• **ASSIGNED TASK**:
Find the line containing "Bruce Bolt Premium", then return it and every line after it through the end of the records, exactly. Leave out pictures.

• **RECORDS PROVIDED**:
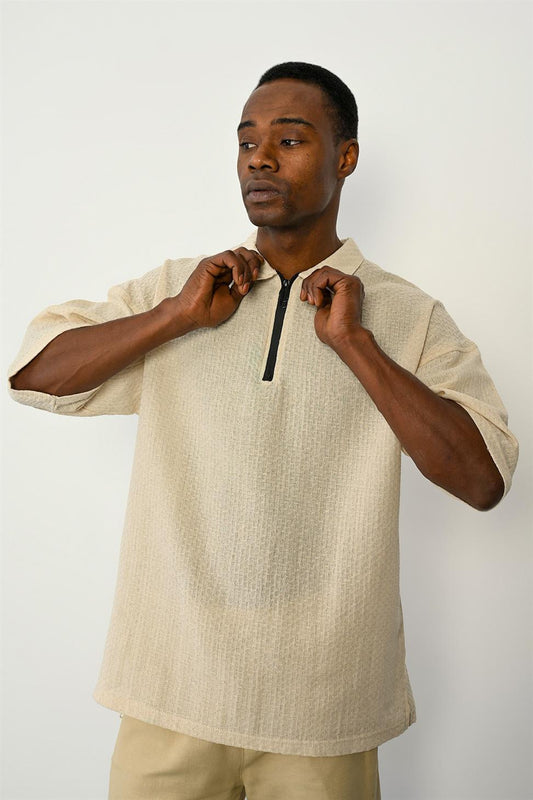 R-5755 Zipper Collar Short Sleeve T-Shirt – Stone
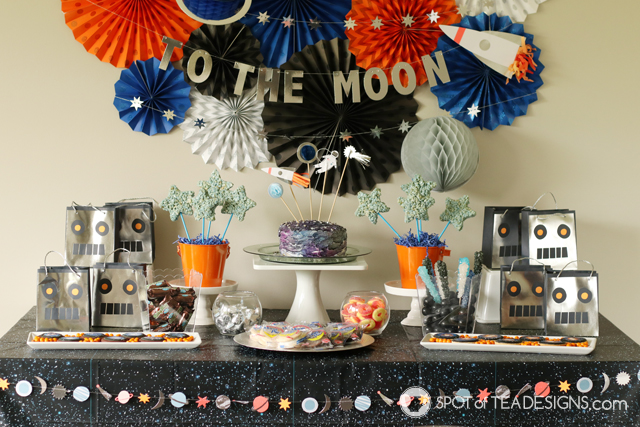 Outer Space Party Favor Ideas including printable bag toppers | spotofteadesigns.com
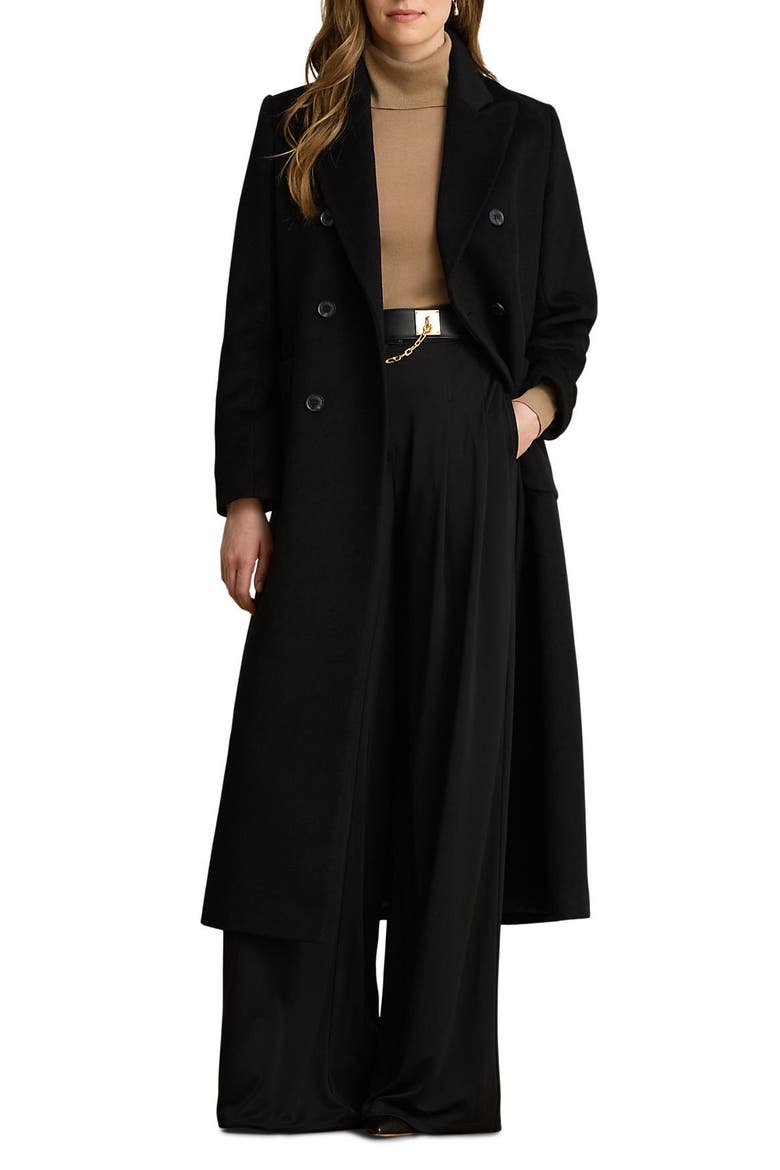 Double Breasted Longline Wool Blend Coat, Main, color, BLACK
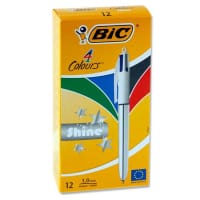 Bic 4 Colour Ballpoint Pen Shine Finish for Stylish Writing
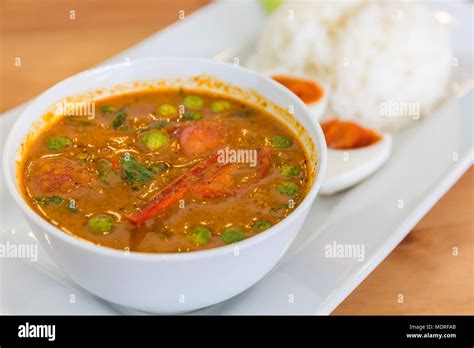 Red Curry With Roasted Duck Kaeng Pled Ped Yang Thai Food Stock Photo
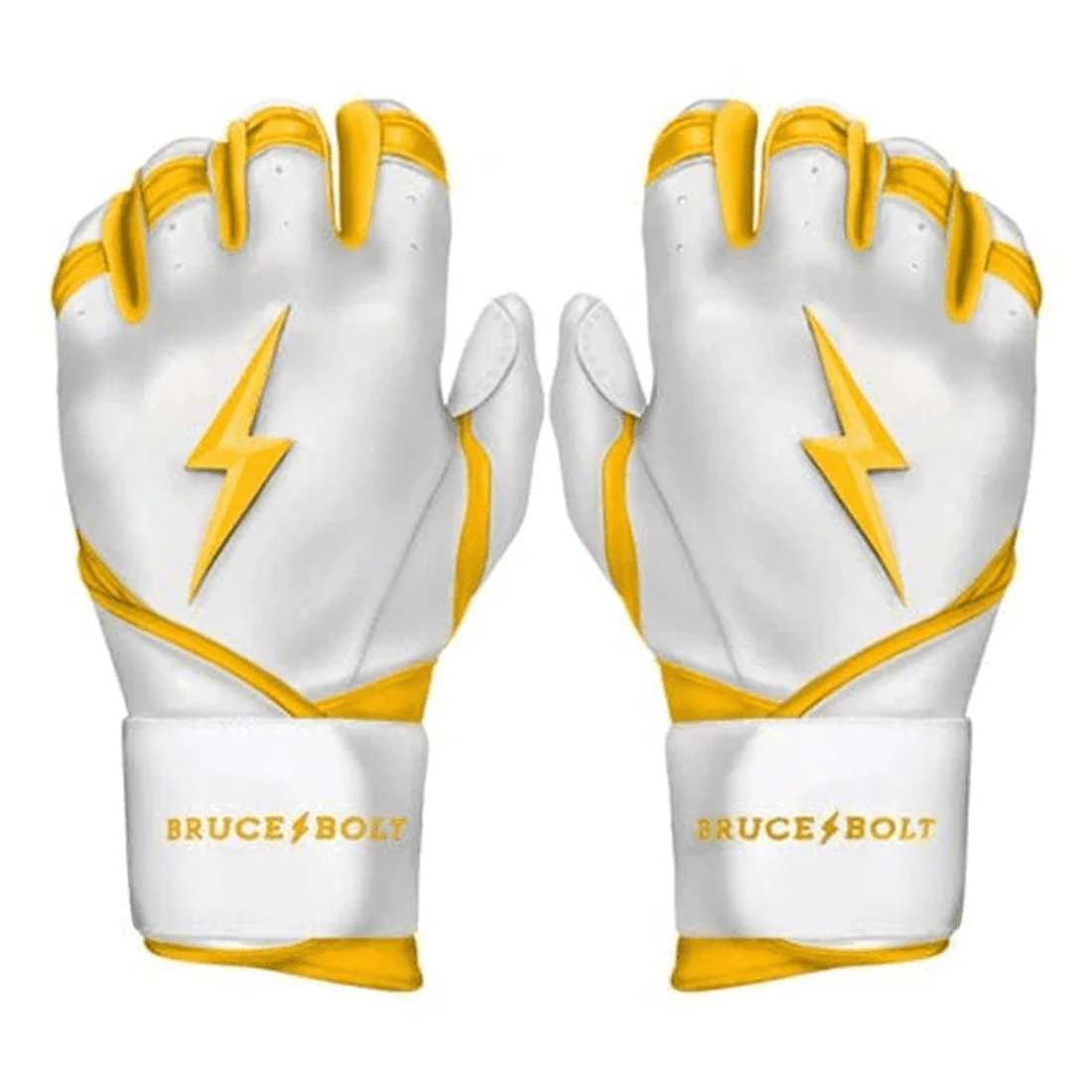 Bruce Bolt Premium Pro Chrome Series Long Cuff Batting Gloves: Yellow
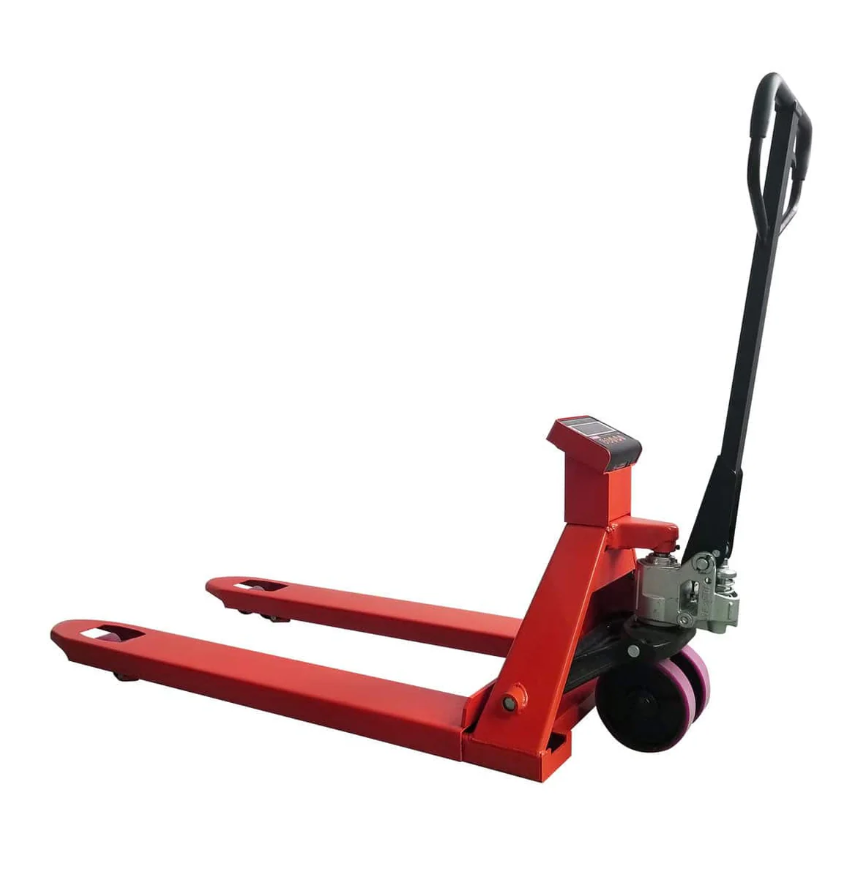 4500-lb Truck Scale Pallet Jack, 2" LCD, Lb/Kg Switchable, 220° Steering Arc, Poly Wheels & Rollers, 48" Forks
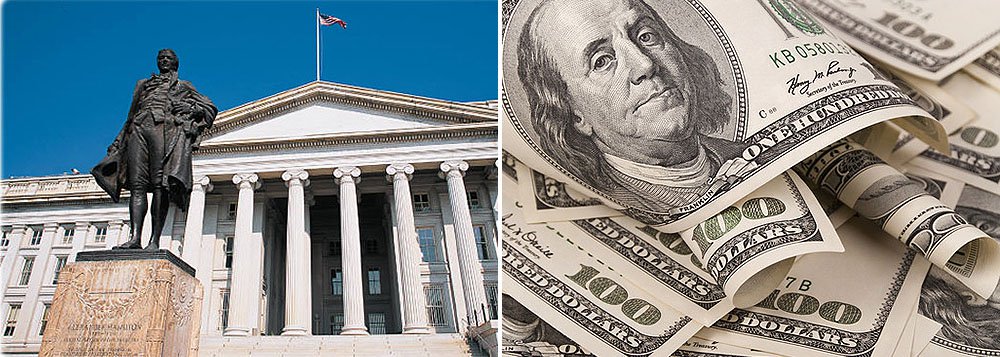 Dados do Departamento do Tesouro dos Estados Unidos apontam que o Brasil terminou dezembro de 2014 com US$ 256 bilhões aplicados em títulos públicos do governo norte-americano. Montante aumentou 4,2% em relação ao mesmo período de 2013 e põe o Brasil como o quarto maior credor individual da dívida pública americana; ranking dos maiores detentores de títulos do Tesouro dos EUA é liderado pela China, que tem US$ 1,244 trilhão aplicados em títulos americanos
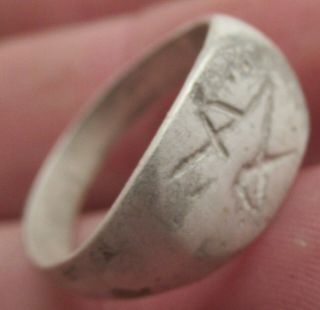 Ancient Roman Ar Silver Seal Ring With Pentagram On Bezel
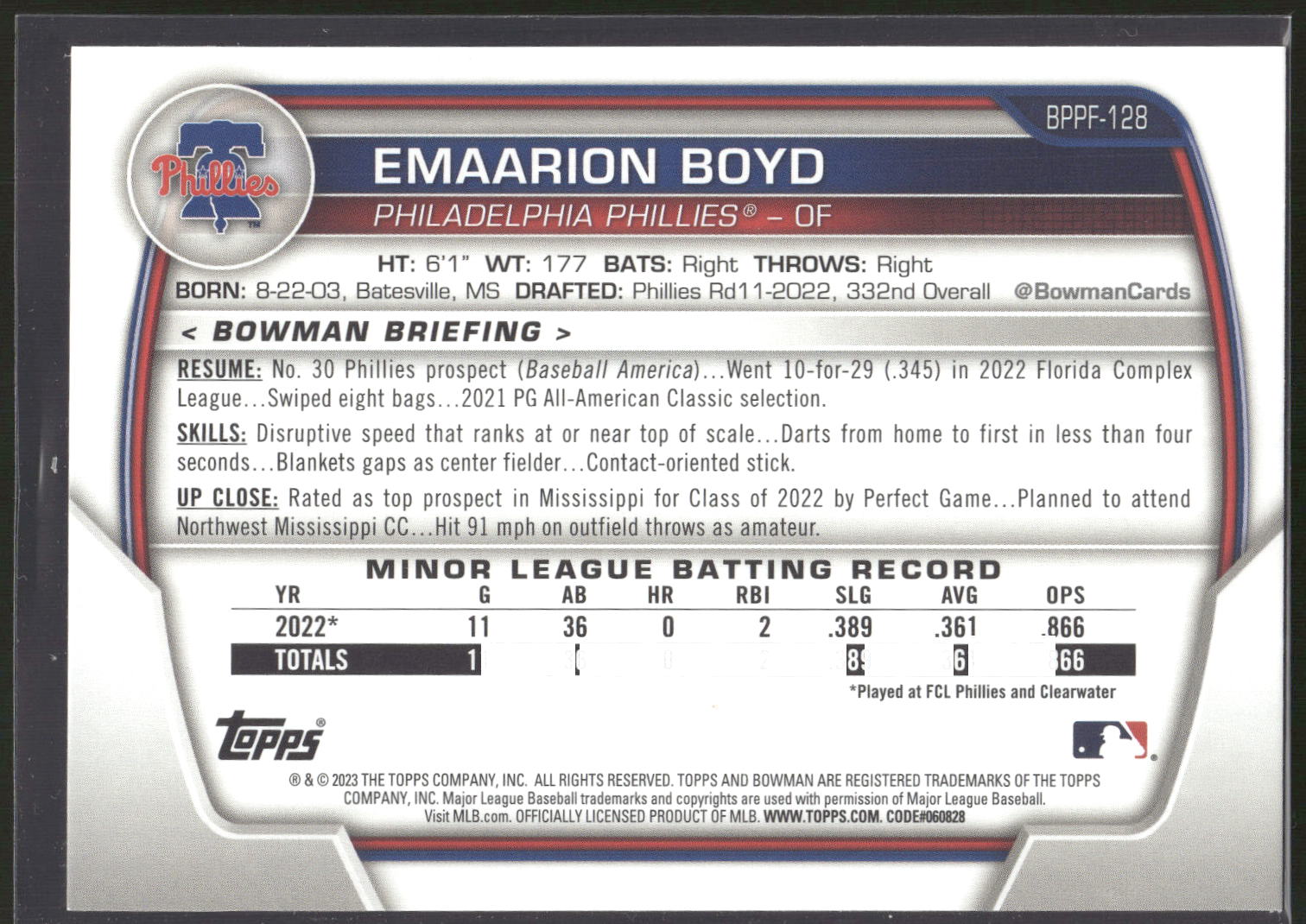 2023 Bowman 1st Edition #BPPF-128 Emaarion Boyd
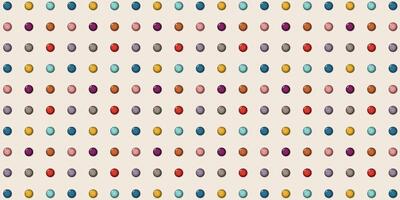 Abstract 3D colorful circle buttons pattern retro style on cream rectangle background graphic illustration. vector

• **YOUR SOLUTION**:
 Bruce Bolt Premium Pro Chrome Series Long Cuff Batting Gloves: Yellow
 4500-lb Truck Scale Pallet Jack, 2" LCD, Lb/Kg Switchable, 220° Steering Arc, Poly Wheels & Rollers, 48" Forks
 Dados do Departamento do Tesouro dos Estados Unidos apontam que o Brasil terminou dezembro de 2014 com US$ 256 bilhões aplicados em títulos públicos do governo norte-americano. Montante aumentou 4,2% em relação ao mesmo período de 2013 e põe o Brasil como o quarto maior credor individual da dívida pública americana; ranking dos maiores detentores de títulos do Tesouro dos EUA é liderado pela China, que tem US$ 1,244 trilhão aplicados em títulos americanos
 Ancient Roman Ar Silver Seal Ring With Pentagram On Bezel
 2023 Bowman 1st Edition #BPPF-128 Emaarion Boyd
 Abstract 3D colorful circle buttons pattern retro style on cream rectangle background graphic illustration. vector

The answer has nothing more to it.